Audacious climate change plan appeals to wallets more than ethics

Increasing carbon dioxide in the atmosphere to improve climate change seems paradoxical, but Stanford researchers argue that new tech and the promise of bottom line profits could coax big industry into getting greener. A new study proposes a more pragmatic approach to greenhouse gases, along with a financial lure to maximize compliance.

Carbon dioxide isn't exactly something that we've been encouraged to release. However, much more dangerous in terms of driving climate change is methane. That's a far more potent greenhouse gas.

What the Stanford-led project suggests, therefore, is a trade-off. Convert methane into carbon dioxide, it's theorized, and while the latter would increase, the overall net impact would be a benefit to the climate. It would also mean that processes which create methane emissions, like cultivating cattle or rice fields, could continue, because those emissions could be offset elsewhere.

The technique relies on zeolite, a crystalline material made up primarily of aluminum, silicon, and oxygen. It could be applied like a methane-soaking sponge, the Stanford team suggests. They've even come up with a way to make it financially viable.

One possibility is a huge, fan-driven assembly, which would force air through a series of "tumbling chambers or reactors" within which there'd be powdered or pelletized zeolites along with other catalysts. Methane would be trapped by them, and then heated to release carbon dioxide.

Carbon offsetting could be implemented to encourage adoption, the researchers suggest.
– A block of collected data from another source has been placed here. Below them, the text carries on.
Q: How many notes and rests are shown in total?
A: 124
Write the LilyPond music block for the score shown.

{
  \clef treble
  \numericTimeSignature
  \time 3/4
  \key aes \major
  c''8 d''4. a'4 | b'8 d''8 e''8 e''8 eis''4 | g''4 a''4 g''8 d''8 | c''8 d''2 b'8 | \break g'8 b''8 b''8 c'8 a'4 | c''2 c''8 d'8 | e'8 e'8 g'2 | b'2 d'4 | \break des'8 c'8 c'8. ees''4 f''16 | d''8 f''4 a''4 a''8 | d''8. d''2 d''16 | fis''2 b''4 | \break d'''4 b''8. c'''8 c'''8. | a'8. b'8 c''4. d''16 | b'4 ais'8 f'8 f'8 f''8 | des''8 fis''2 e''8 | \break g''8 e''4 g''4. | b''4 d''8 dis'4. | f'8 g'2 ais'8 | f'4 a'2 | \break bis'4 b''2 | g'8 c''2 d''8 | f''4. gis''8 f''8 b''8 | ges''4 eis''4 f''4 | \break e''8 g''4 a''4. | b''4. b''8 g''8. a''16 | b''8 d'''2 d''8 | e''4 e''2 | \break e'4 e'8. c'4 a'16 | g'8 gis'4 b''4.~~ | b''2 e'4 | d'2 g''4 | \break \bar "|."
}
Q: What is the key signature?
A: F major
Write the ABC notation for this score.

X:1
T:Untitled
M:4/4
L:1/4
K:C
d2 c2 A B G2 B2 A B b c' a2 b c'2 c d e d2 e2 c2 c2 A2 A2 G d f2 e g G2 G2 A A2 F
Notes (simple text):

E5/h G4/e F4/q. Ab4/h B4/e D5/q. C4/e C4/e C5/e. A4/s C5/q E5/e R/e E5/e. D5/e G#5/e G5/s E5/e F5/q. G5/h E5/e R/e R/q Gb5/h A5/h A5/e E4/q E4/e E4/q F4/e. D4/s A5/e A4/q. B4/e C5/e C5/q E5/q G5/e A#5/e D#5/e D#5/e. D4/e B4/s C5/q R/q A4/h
With predictions suggesting such offsets could be worth in excess of $500 per ton later in the century, a ton of methane removed from the atmosphere could work out to being worth more than $12,000. That way, a zeolite array sized like a football field could be worth millions of dollars each year in income.

Approximately 60-percent of methane is generated by humans, and it's currently in atmospheric concentrations roughly 2.5x greater than it was in pre-industrial levels. While still outweighed in volume by carbon dioxide, atmospheric methane lands a heavier punch in terms of climate change. According to the study, methane has 84 times the potency for climate system warming in the first 20 years post-release, versus carbon dioxide.

Turning back the clock on carbon dioxide was always going to be a challenge. Indeed, even if plans to remove hundreds of billions of tons of CO2 were successful, it would still leave the atmosphere with higher levels than in pre-industrial times. "In contrast," Rob Jordan, of the Stanford Woods Institute for the Environment, writes, "methane concentrations could be restored to pre-industrial levels by removing about 3.2 billion tons of the gas from the atmosphere and converting it into an amount of carbon dioxide equivalent to a few months of global industrial emissions."

Encouraging industries to adopt green technologies and policies has been an uphill struggle. Whether such players could be encouraged to be more green by adding a significant financial incentive remains to be seen.